* **ACTIVITY**: Go through the listing below and repeat it exactly, omitting each picture.

* **EXERCISE DATA**:
----------------

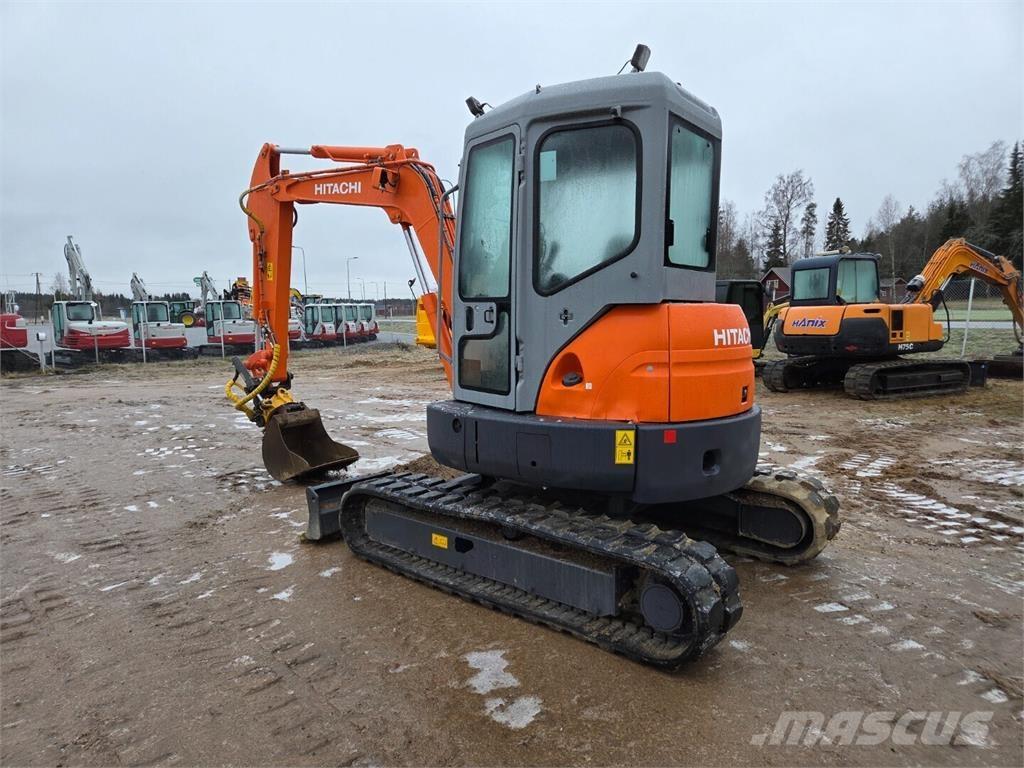 Hitachi ZX50U Mini pelle < 7t
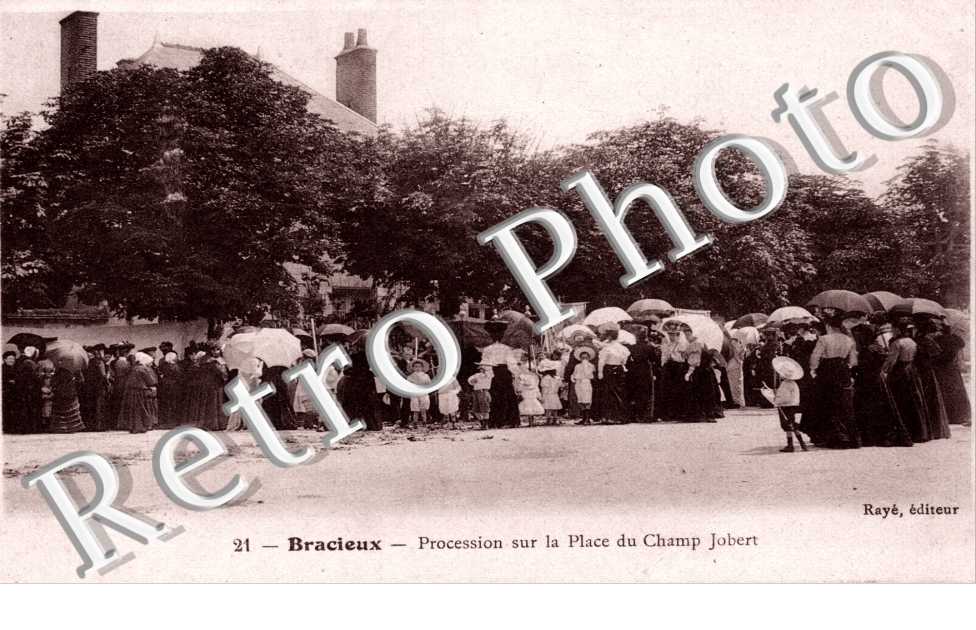 procession sur la Place du Champ Jobert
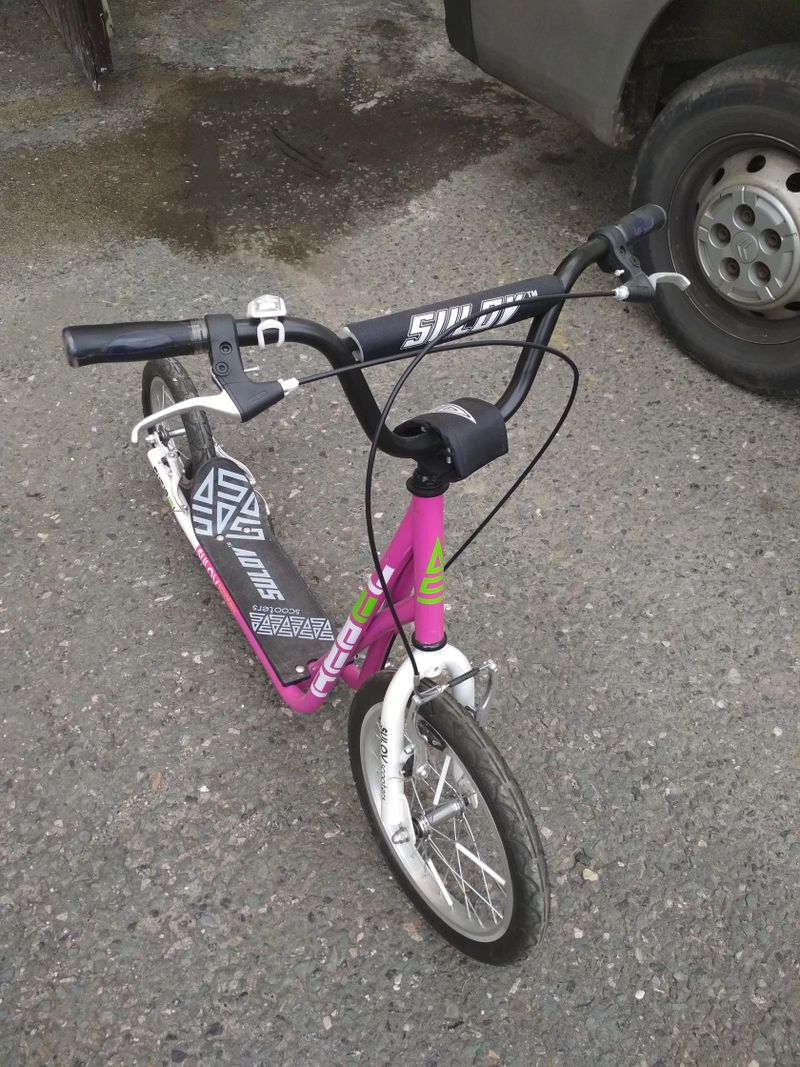 Nabízím dětskou koloběžku Sulov REBEL fialovo-bílá . 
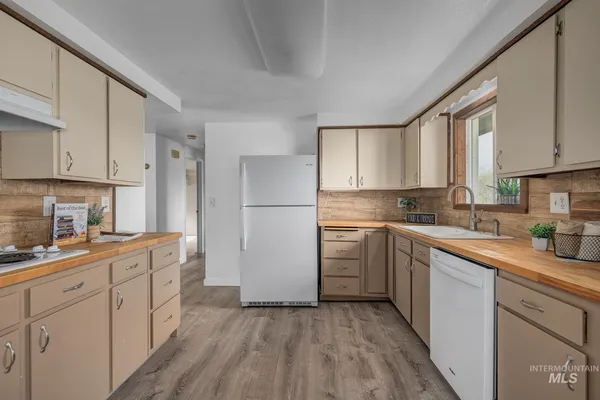 $450,000 | 4484 Community Road, Ontario, OR 97914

----------------

* **EXERCISE SOLUTION**:
 Hitachi ZX50U Mini pelle < 7t
 procession sur la Place du Champ Jobert
 Nabízím dětskou koloběžku Sulov REBEL fialovo-bílá . 
 $450,000 | 4484 Community Road, Ontario, OR 97914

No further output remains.